Casa Real
El Rey
Vivió a la sombra de su padre y ahora vive a la sombra de su hijo. Siempre sirviendo a la Corona. En medio, entre estas dos servidumbres, se las arregló para traer la democracia y defenderla, convirtiéndose en un gran rey, uno de los mejores de la historia de España. En todo tiempo amó a su pueblo y procuró ser rey de todos los españoles.
Un día lejano, en tiempo de la Transición, me dijo en su despacho de la Zarzuela: «Nosotros somos amigos, ¿eh?». Y yo no tuve más remedio que responderle: «No, no señor; los reyes no tienen amigos».
Don Juan Carlos bajó la cabeza como asintiendo y observé por primera vez la tristeza de su mirada. Luego he comprobado que es uno de los rasgos de su personalidad. El día que abdicó pensé: el Rey está solo, más solo que nunca, por eso se va; por esas vueltas caprichosas del destino y por lo quebradiza de la memoria, los españoles han dejado de ser «juancarlistas»; ni siquiera le agradecemos los servicios prestados. Por fallos personales y enredos, la familia real sufrió un grave deterioro en la convivencia y hace tiempo que dejó de ser para él un refugio cálido y seguro, tan necesario cuando se avecina el crepúsculo. La soledad del Rey se agudizó con la muerte de Adolfo Suárez, que había sido su principal colaborador en la titánica tarea de cambiar la Historia.
Venían nuevos tiempos y había que dejar paso. Traspasó la corona a su hijo y se hizo a un lado con elegancia. Un generoso acierto. Lo que no esperaba es que ni siquiera se le invitara a la solemne celebración de los 40 años de democracia.
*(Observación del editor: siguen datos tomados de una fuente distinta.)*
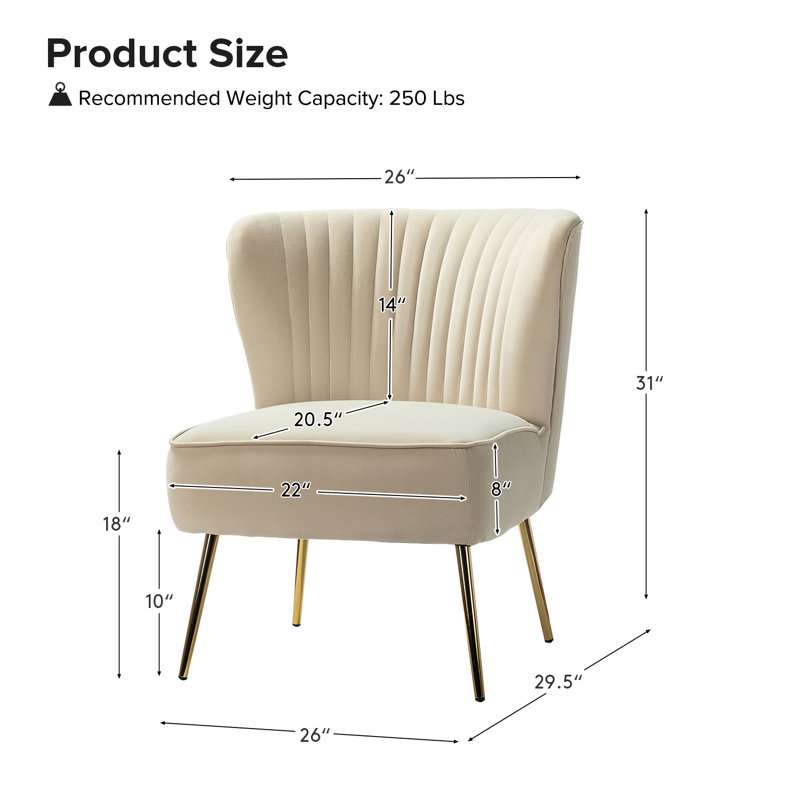 Chaise d'appoint d'appoint en velours capitonné Leona, Velours havane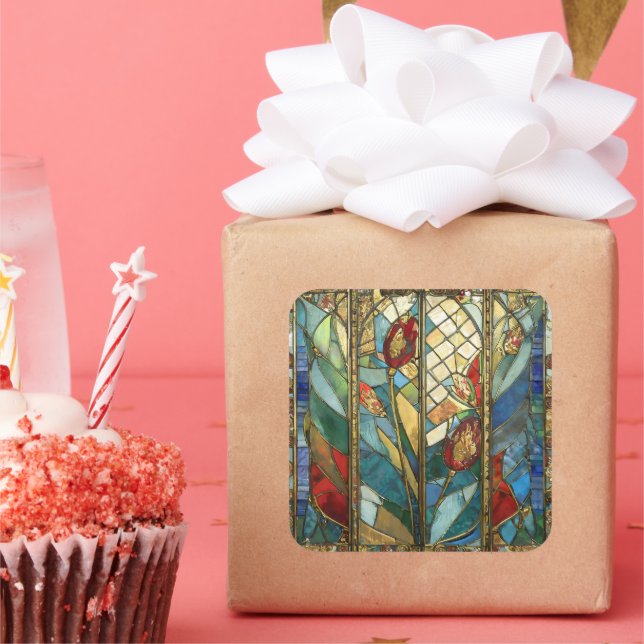 Pegatina Cuadrada El Jefe Rojo de Vidrio Manchado atiende al amanece (Fiesta)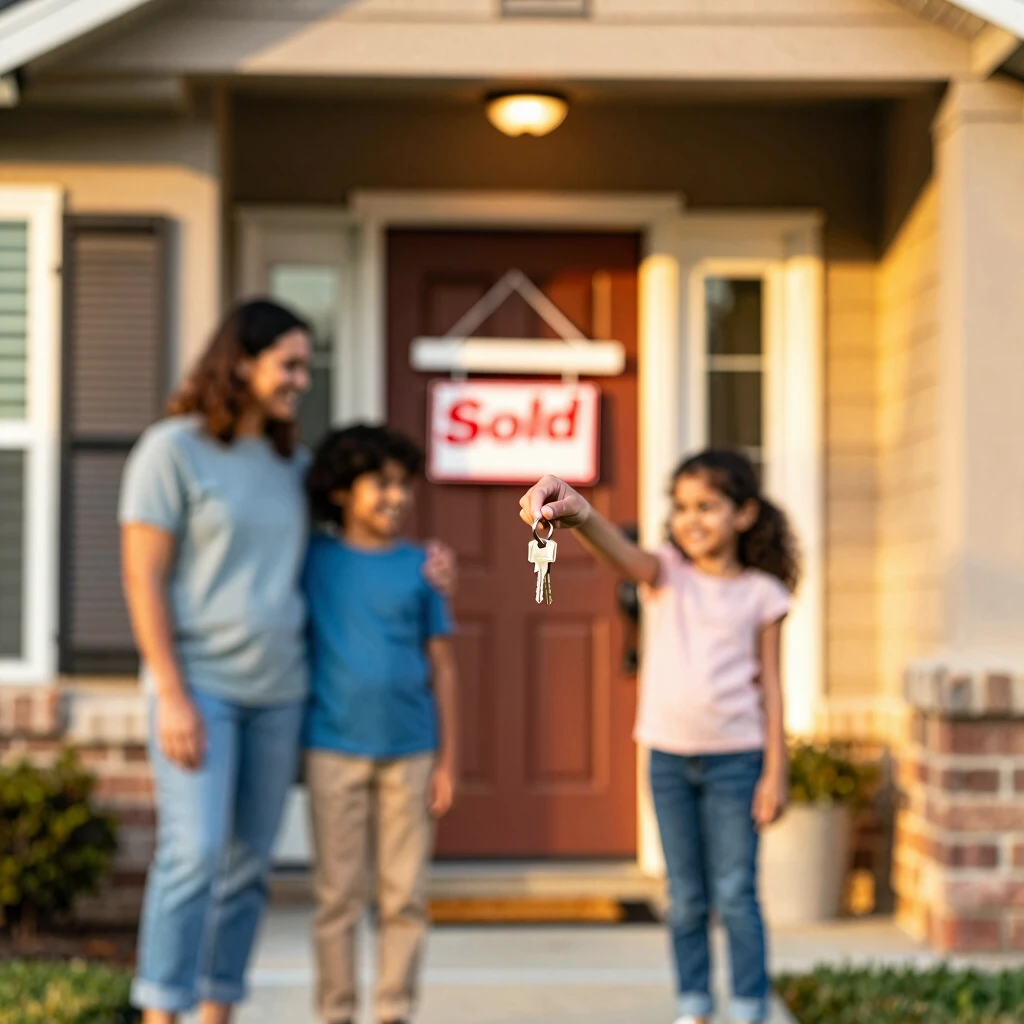 Family achieving homeownership dream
Había reservado su agenda para ese día y se ha sentido excluido. Un golpe bajo. En la presentación de la obra faltaba el autor. ¡Qué disparate!
El protocolo ha prevalecido sobre la gratitud y sobre la razón. Los autores del desaguisado –por cierto, tampoco hemos sido invitados los cronistas de la Transición; a mí, al menos, no me ha llegado la invitación, aunque sí a la nieta de la Pasionaria– excluyendo al padre han prestado un mal servicio al hijo. Ha sido, me parece, el primer fallo de su breve reinado. Sin pretenderlo, el padre ha brillado por su ausencia con una luz propia e inesperada.